Although character education has three components:

  1. Teaching
  2. Training
  3. Environment
The training piece is the most difficult to understand, accept, and implement. It is easier to talk about the teaching component. It is not difficult to locate inspiring stories or quotes that illustrate virtue and good character. Just visit any school, classroom, YMCA, or other venue for children and you will find the rooms and hallways sprinkled with pictures or quotes impressing virtue and character.

Character training, however, is less accessible. It is tedious. It is difficult to sustain. It requires relentless and systematic efforts. Frankly, it is a grind, not only for the child but even more so for parents or teachers. After all, in the world of education, the core of character training is the formation of good habits and good habits seldom agree with a child’s personal preferences and will. In the eyes of a child good habits are a pain in the neck. In their minds, practicing good habits is downright unpleasant and better avoided. It is important for parents and teachers to understand this challenge. Children will be resistant toward adult efforts to shape habits. Their minds cannot yet comprehend how far good character and good habits will take them toward developing their academic and human potential.

They only understand pleasure now, happiness now, gratification now, and they will resist anyone who appears to be depriving them of these joys. But if adults understand this challenge, they will also understand and accept the level of commitment and work required for developing those habits of character that will lead to a child’s academic success. Understanding and accepting an adult’s role in shaping character, makes it possible to talk about implementation and plot strategies to train character.

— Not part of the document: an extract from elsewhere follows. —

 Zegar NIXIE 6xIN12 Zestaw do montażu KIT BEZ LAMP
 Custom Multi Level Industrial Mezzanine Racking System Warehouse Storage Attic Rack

Training requires three modules:

  1. Character training needs a “playing field,” some sustained activity that will provide children a chance to practice good habits over and over. For example learning to play the piano. The playing field is a real world environment where success is realized only through building good habits.
  2. Then there must be a significant time commitment for sustained practice on the “field.” Once the piano lessons become difficult, the child wants to quit. This is always the case. And too often the adult gives in. The child whines and complains. The adult quits and allows the child to quit. Time is lost and no habits are built. At these junctures the adult needs backbone, “No, you cannot quit. We have committed to these lessons for the year. We will not quit until we fulfill this time requirement.” Understanding the place of the playing field and time commitment, the adult can implement a habit-forming training plan. This is the real purpose behind the piano lessons. Building habits!
  3. However, implementation requires a heroic effort. For success, the adult is called to be firm, insistent, and strict about practicing good habits. But at the same time he must be gentle, kind, and supportive. The adult who hopes to build good habits in a child must combine unrelenting perseverance with unwavering patience, two characteristics of an adult who cares deeply about the child. Herein lays the great secret of character education. In other words, because the adult is committed to the child’s development, the adult creates a character development bubble around the child. They provide unrelenting discipline and structure that forges habits. At the same time, the adult supplies the strength, willpower, encouragement, support, kindness, and the gentleness that a child needs to persevere and build good habits.
 
One day the child will become a young man or woman of stellar character. Friends and family will have respect for and honor the person they have become. But it will be the adult who enjoys the deepest satisfaction.